L’absence de garanties d’indépendance des parquets dans la conduite de ce type d’affaires est telle qu’elle a conduit une mission de l’Assemblée nationale, dirigée par un député de la majorité présidentielle, ancien policier, à proposer qu’elles soient confiées « directement à un juge d’instruction », qui est un juge indépendant du pouvoir politique (contrairement aux procureurs). Cette proposition, comme tant d’autres visant à améliorer le sort des dossiers de violences policières, est restée lettre morte. La CEDH, qui est la seule source de règles juridiques applicables aux enquêtes de « police des polices », est d’ailleurs attentive à la participation des victimes aux enquêtes, et aux délais dans lesquels les parquets décident d’ouvrir une information judiciaire. Dans l’affaire de Sainte-Soline, le parquet ne semble appliquer aucunement ce droit européen.

Sur la mutilation d’un jeune homme à la main par une grenade explosive, le parquet de Rennes avait classé sans suite, alors que l’enquête n’avait même pas essayé d’identifier les auteurs des tirs de grenades

Sur la mutilation d’un jeune homme à la main par une grenade explosive, le parquet de Rennes avait classé sans suite, alors que l’enquête n’avait même pas essayé d’identifier les auteurs des tirs de grenades

Ce n’est pas tout : la durée de cette enquête tenue secrète a aussi fait obstacle aux investigations de la Défenseure des droits.
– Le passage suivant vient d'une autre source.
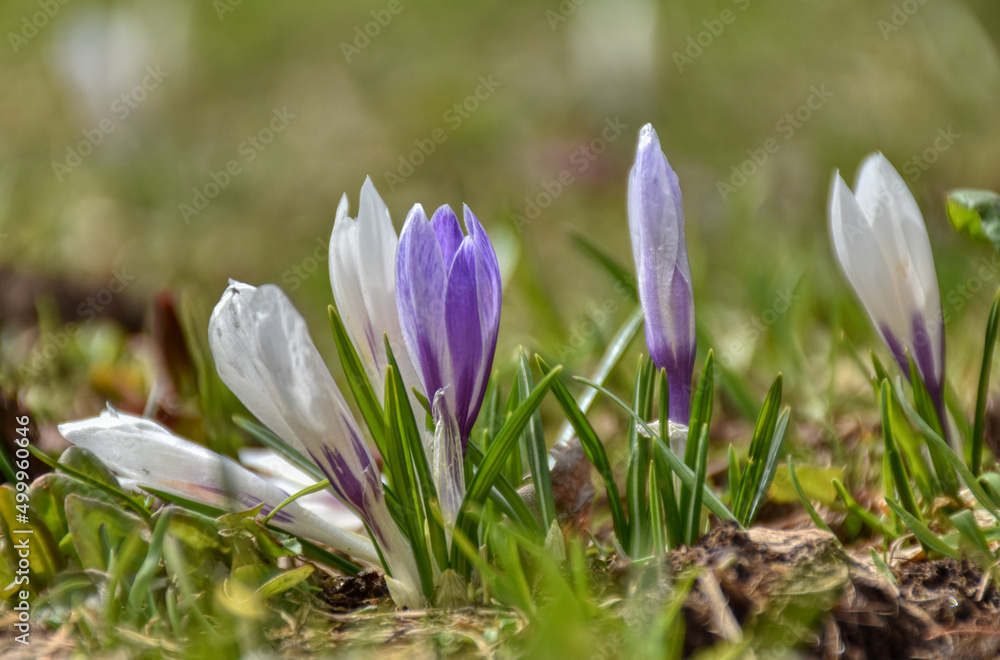 Krokus, Wiese, Krokusse, violett, weiß, Blume, Frühblüher, Naturschutz, geschützt, Blüte, Blumenwiese, Schwertlilie, Schwertliliengewächs, Alm, Almwiese, Gras, Crocus, ausdauernd, krautig, frisch, krä Krokus, Wiese, Krokusse, violett, weiß, Blume, Frühblüher, Naturschutz, geschützt, Blüte, Blumenwiese, Schwertlilie, Schwertliliengewächs, Alm, Almwiese, Gras, Crocus, ausdauernd, krautig, frisch, krä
Cette dernière a été saisie par soixante-douze personnes victimes ou familles de victimes des forces de l’ordre ce jour-là. Mais son travail d’enquête est soumis au bon vouloir de la justice. La loi organique relative au Défenseur des droits prévoit que ce dernier, lorsqu’il est saisi « de faits donnant lieu à une enquête préliminaire », doit « recueillir l’accord préalable […] du procureur de la République ». Ce lundi, la Défenseure a indiqué à Flagrant déni qu’elle a « reçu l’autorisation d’instruire ce dossier ». Mais, en décembre 2024, elle avait expliqué aux victimes qu’elle était toujours en attente de cette autorisation. Il lui aura donc fallu patienter près de deux ans après les faits, sans pouvoir rien faire. Dans le cadre d’un colloque récent, la Défenseure des droits a déploré ce type de situation, qui rend « [s]es moyens d’intervention et d’informations souvent assez inopérants » et qui « revient à mettre un petit peu en cause les dispositions de la loi organique ». Le procureur de Rennes n’a pas répondu à nos questions.